He—perhaps the better pronoun would be “it”—It spoke now, but the words were wrapped in impenetrable static. Behind it, something crawled up the walls, a moving black net that seemed to segment the world behind the faux-human apparition. The degrading image began to vibrate, as if the building housing it was starting to collapse. Beyond the undulating webwork behind the thing, the walls started to glow white. The black apparition turned to face the intensifying light, and the image froze.
The last comprehensible image from the tach-comm transmission was the silhouette of the black human-shaped apparition facing an intense light, arms spread. A close examination revealed that the human form had been caught in the midst of transmuting into something else. Tendrils were frozen in the midst of erupting from the thing’s back and upper arms.
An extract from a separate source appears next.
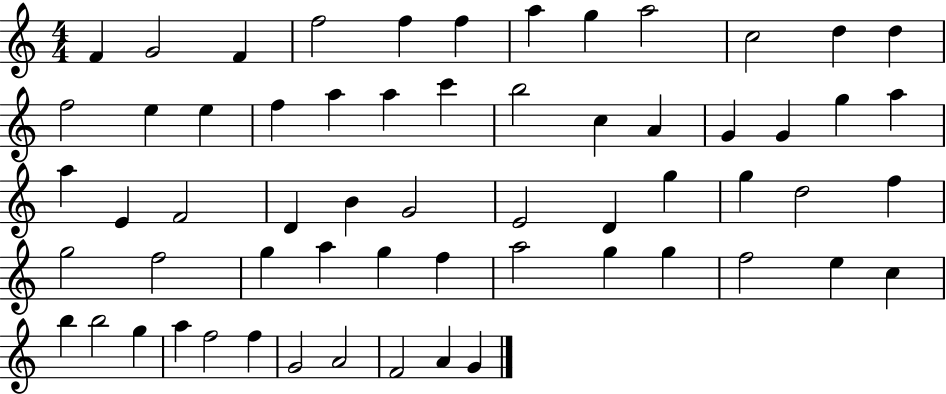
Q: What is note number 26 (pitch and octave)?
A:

The fingers on its hands were splitting from each other, the gaps between them extending halfway to the wrist in the midst of an obscene elongation.
Cardinal Anderson looked at his handheld comm. On it were the dossiers on Kugara and the tiger. Also on it was an attempted transcript of what the apparition had said. It was based solely on lip movements as the audio was too degraded during the final minutes of transmission. It was also incomplete, as the degradation of the image, the thing’s barely human face, and the lack of contrast all made the transcription a nearly impossible task.
But not quite impossible.
“The Other comes,” Cardinal Anderson read. “It brings the change without choice or consent. It will destroy all it does not consume. If any children of Proteus hear the warnings of your vessel, you must defend those who do not accept.” He looked up from the transcript.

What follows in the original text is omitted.